Y sí, como dice Beatriz Gimeno, estos políticos conservadores homosexuales pueden dejar de esconder a sus novios, pueden tener maridos, gracias a los maricas, las bolleras y lxs trans que han dado la batalla en las calles. Gracias también a políticos como Zerolo, que izaron la bandera arcoiris cuando eso no daba votos precisamente. Pero si pueden hacerlo es porque el poder les hace inmunes a muchas cosas, incluida la discriminación.

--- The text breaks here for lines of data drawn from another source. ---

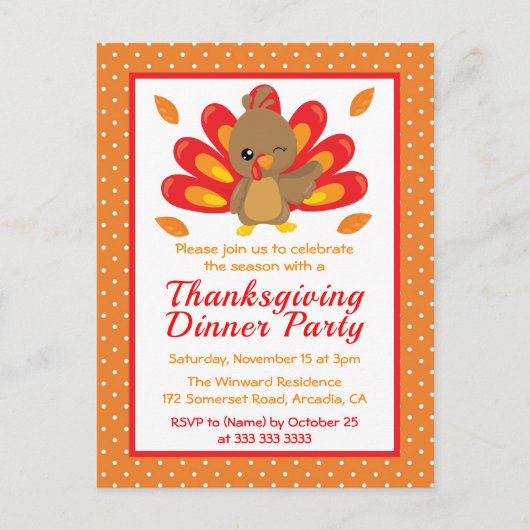 Leuke kalkoen Thanksgiving dinerfeest uitnodiging (Voorkant)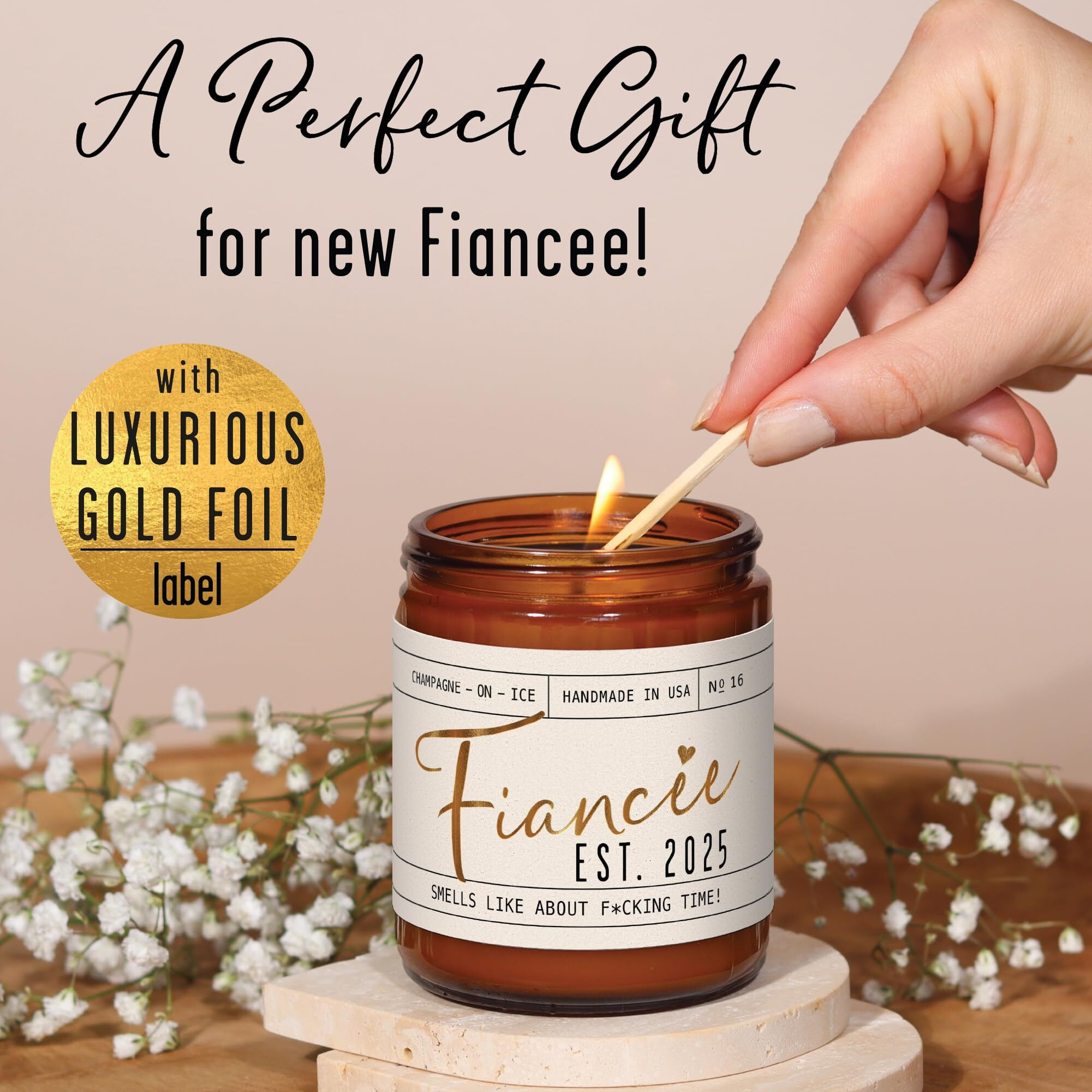 Fiance Gifts For Women, Engagement Gift - 'Fiancee Est. 2025' Soy Wedding Candle, W/Champagne On Ice - Infused W/Essential Oils I Engagement Gifts For Her I Bridal Shower Gifts I 50Hr Burn, Usa Made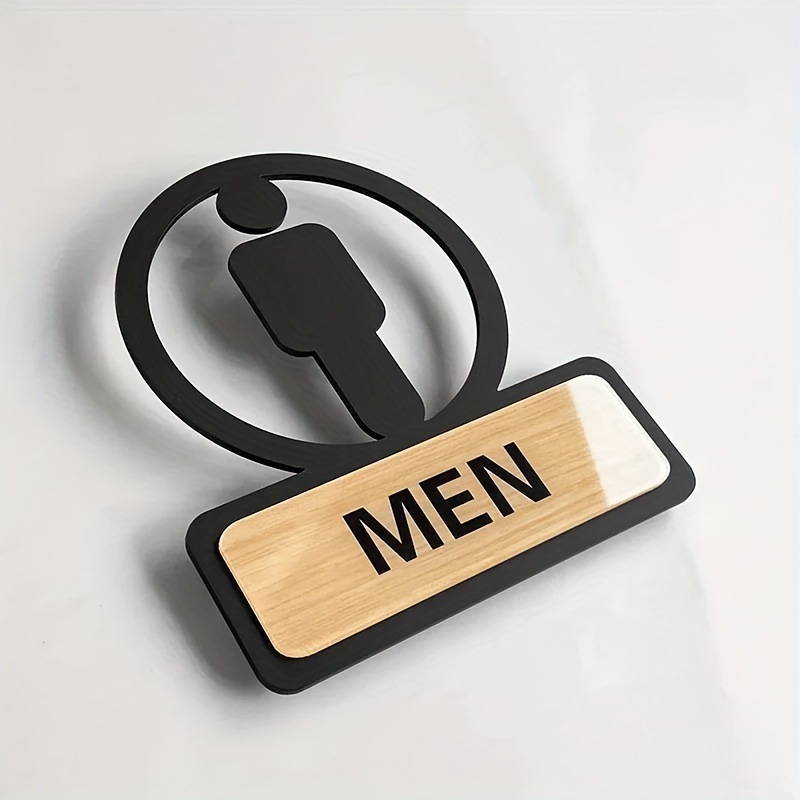 Autocolant decorativ din acrilic pentru identificarea toaletei — model geometric, 1 bucată, stil modern minimalist 3D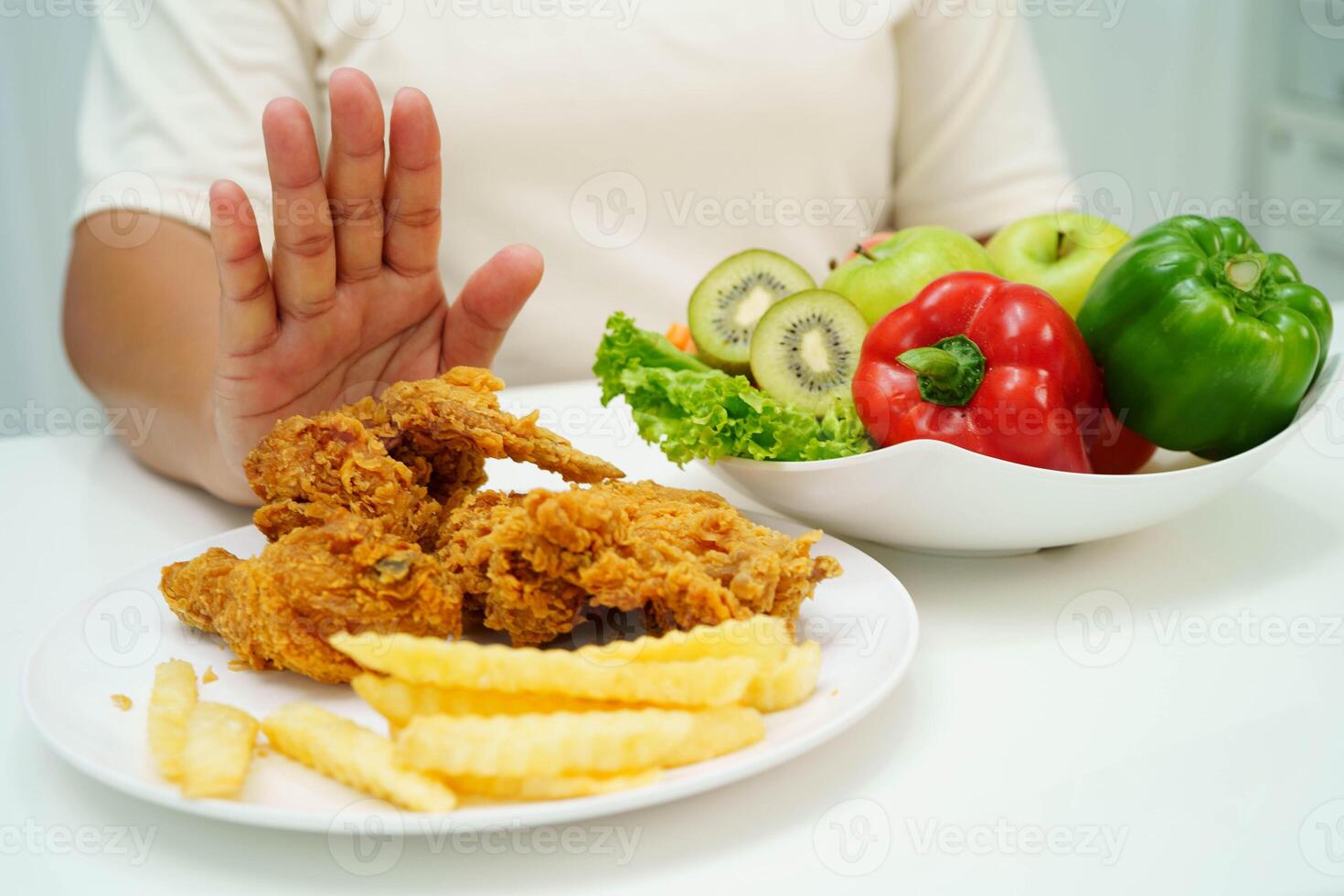 Junk food no good health eating for diet. photo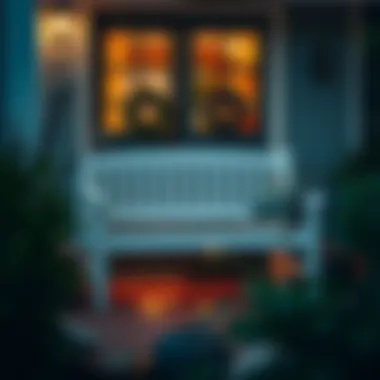 Cozy bench with integrated lighting for evening ambiance at the door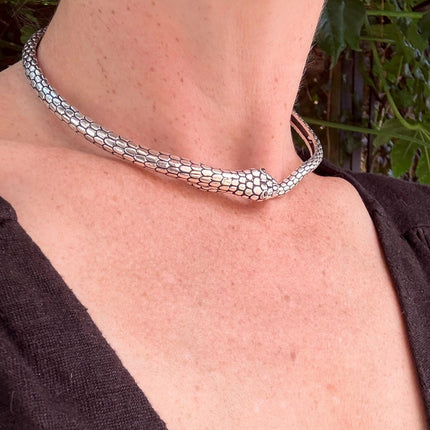 Snake Silver Choker Serpent Necklace / Costume Medusa / Lightweight / Boho / Tribal / Hippie / Rustic / Vegan / Aztec / Festival Fashion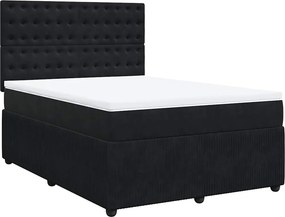 vidaXL fekete bársony rugós ágy matraccal 140 x 190 cm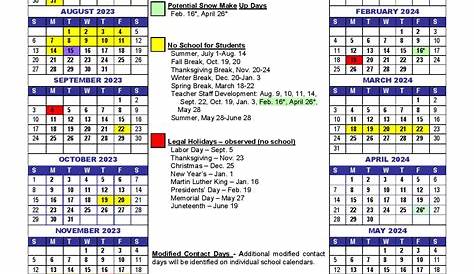 Bellefontaine City Schools Calendar 2024-25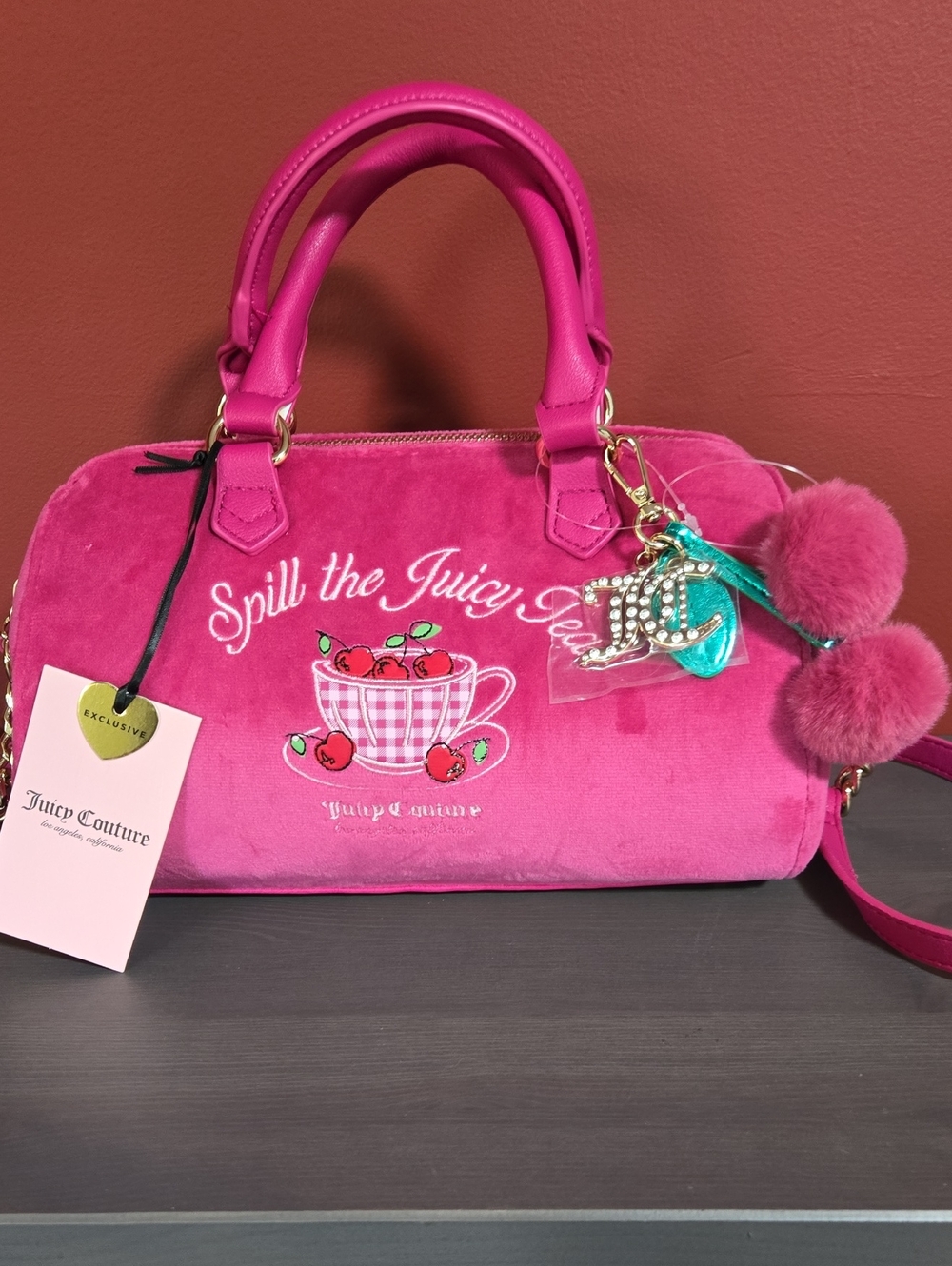 Juicy Couture Hot Pink Velvet 'Spill the Juicy Tea' Satchel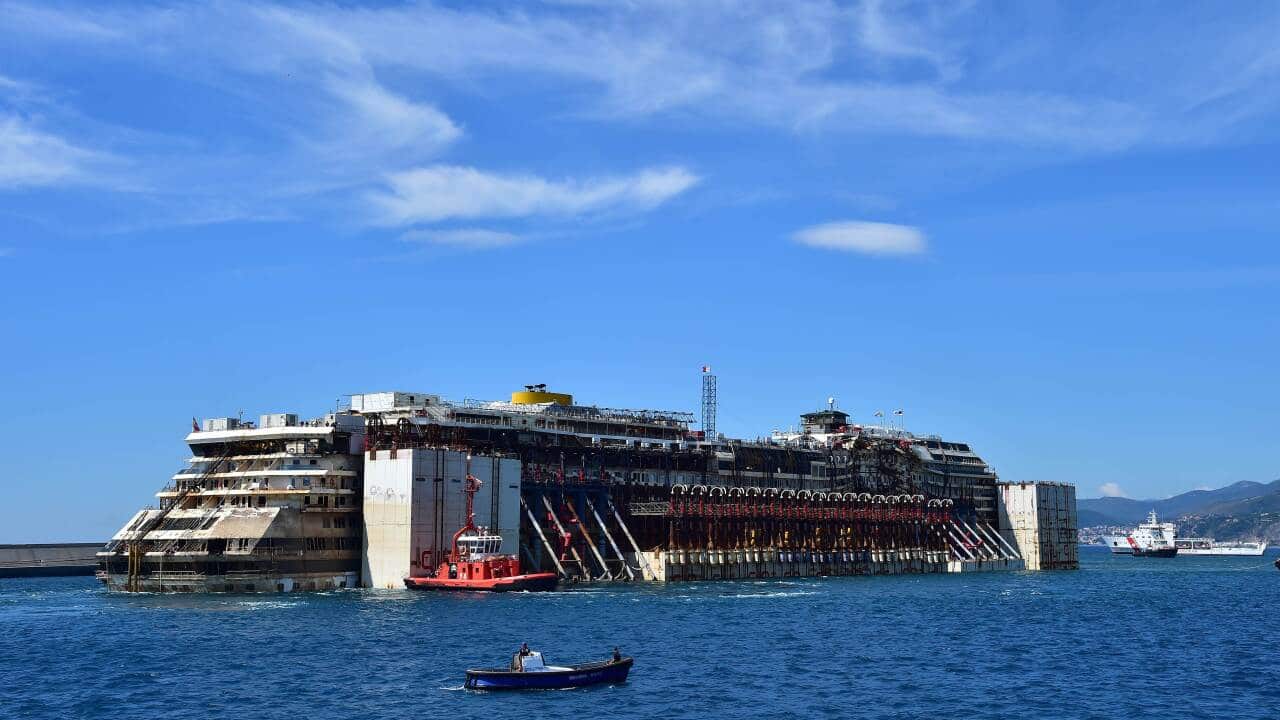 Costa Concordia wreck reaches end of final journey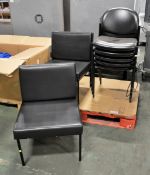 Various Black Vinyl Metal Frame Chairs - 2 types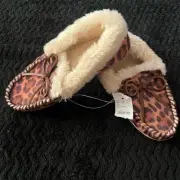 J.Crew Women's Leopard Print Moccasin Slippers Size 7 Bow Detail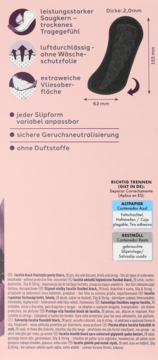 Czarne wkładki higieniczne Facelle Black String & Slip, 2mm grubości, widok na produkt i cechy.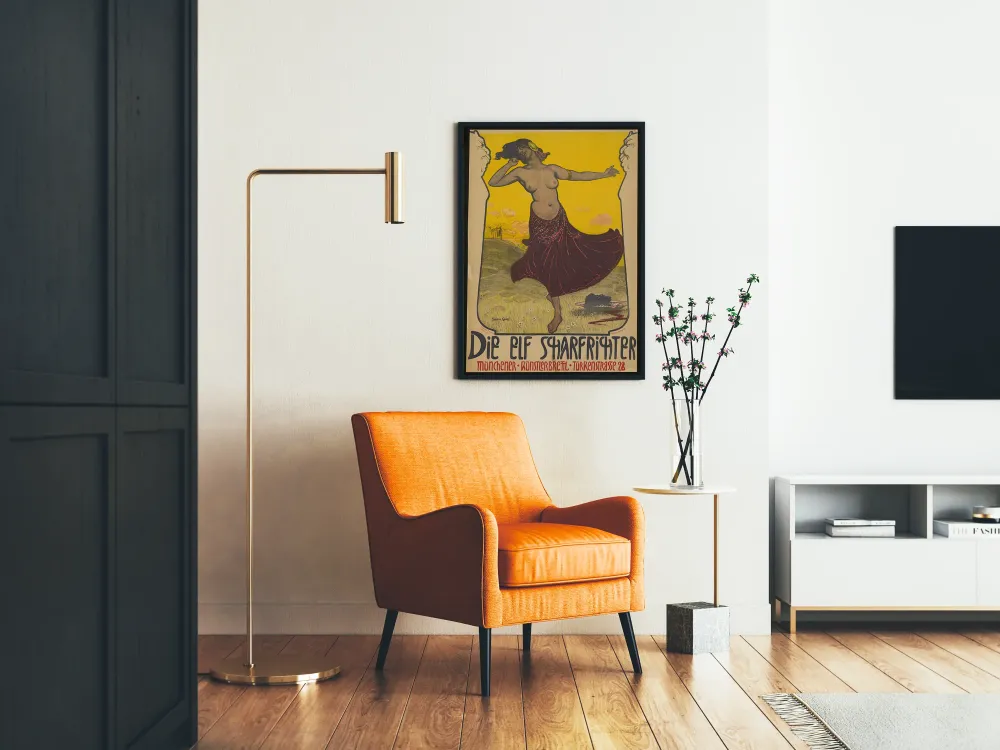 Plakat vintage Die Elf Scharfrichter z tancerką i kontrastem żółtym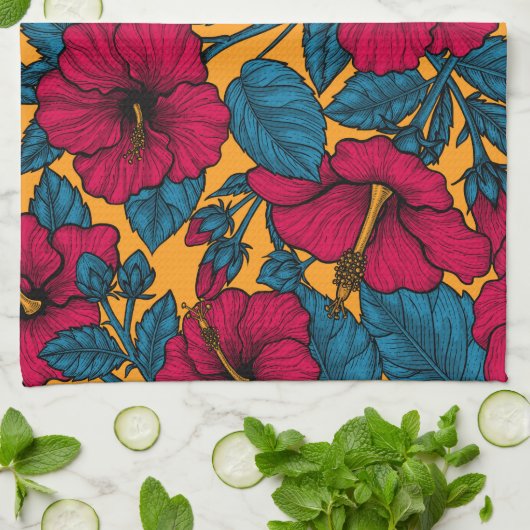 Hibiscus bloemen theedoek (Gevouwen)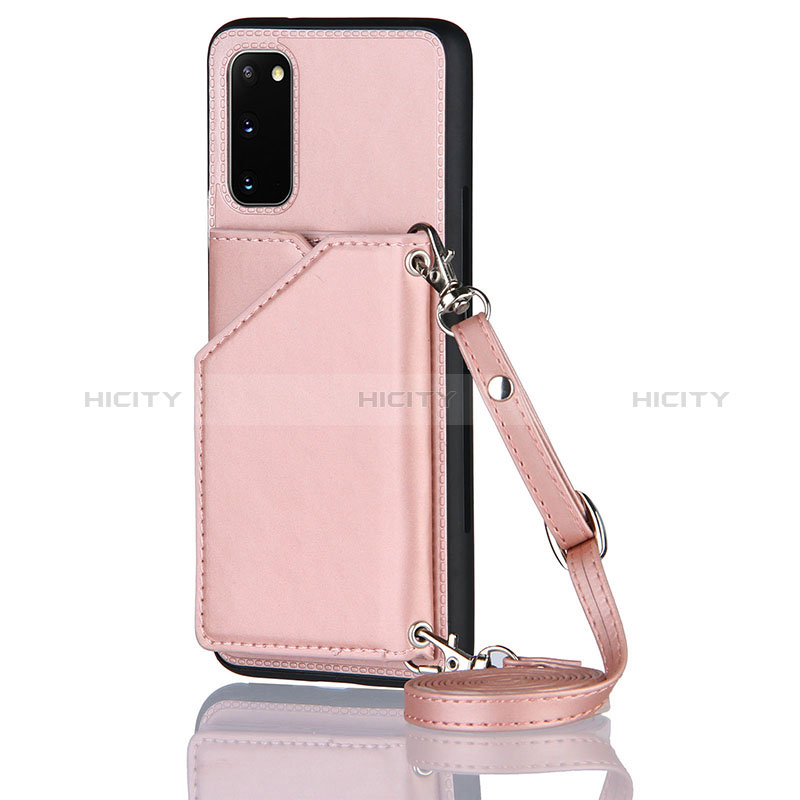 Coque Luxe Cuir Housse Etui Y02B pour Samsung Galaxy S20 5G Or Rose Plus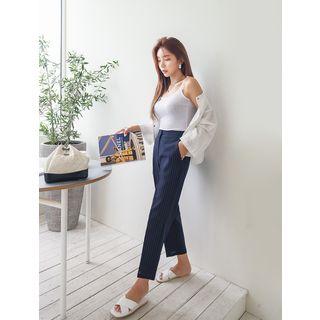 Plus Size Pinstripe Straight-cut Dress Pants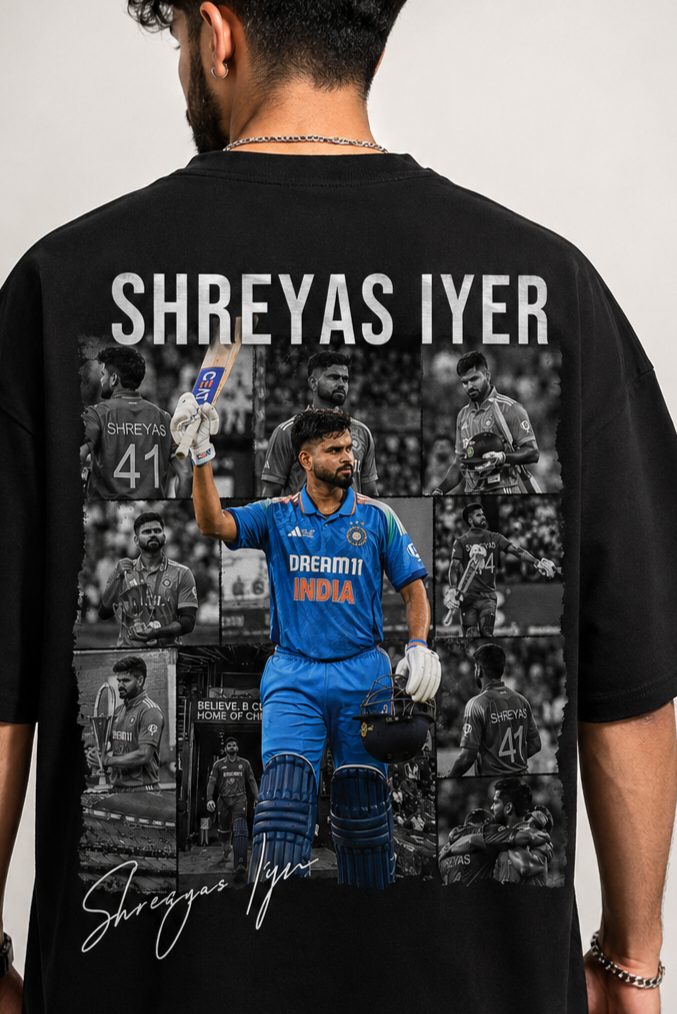 Shreyas Iyer “Sarpanch Saab” Printed Oversized Black T-Shirt 100% Cotton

Zerolo luchó por una ley criticada tanto por los homófobos como por la gente que, desde la izquierda, cuestiona la institución del matrimonio, incluidos los gays y lesbianas que alertan el riesgo de “heteronormativizar” las disidencias sexuales. Recordemos la célebre cita del primer ministro británico David Cameron: “No apoyo el matrimonio gay pese a ser conservador; apoyo el matrimonio gay porque soy conservador”. Como dice nuestra compañera Andrea Momoitio, los conservadores prefieren las bodas gay a los cuartos oscuros. No me quiero extender más: lean este imprescindible artículo de Lucas Platero en el que señala a quién beneficia y a quién no tanto esta conquista social, y qué otras discriminaciones siguen estando mucho más desatendidas.

Así pues, de la misma forma que no podemos pensar que el racismo está superado porque el país más poderoso del mundo esté presidido por un político negro, debemos evitar que la presencia de varones homosexuales entre los representantes del poder político, económico, judicial y religioso de este país nos lleve a lecturas complacientes.

Doy las gracias a Pedro Zerolo y a todas las personas que han hecho posible que las nuevas generaciones crezcan sabiendo que pueden emparejarse y formar familias con personas de su mismo sexo, que sus entornos reaccionarán mejor o peor, pero que el Estado reconoce ese derecho. Pero sirva también el adiós a Zerolo para pensar cómo seguir avanzando hacia un respeto pleno a la diversidad sexual en el que la vergüenza, la culpa, el estigma, la exclusión y la agresión directa desaparezcan de la vida de todas las personas.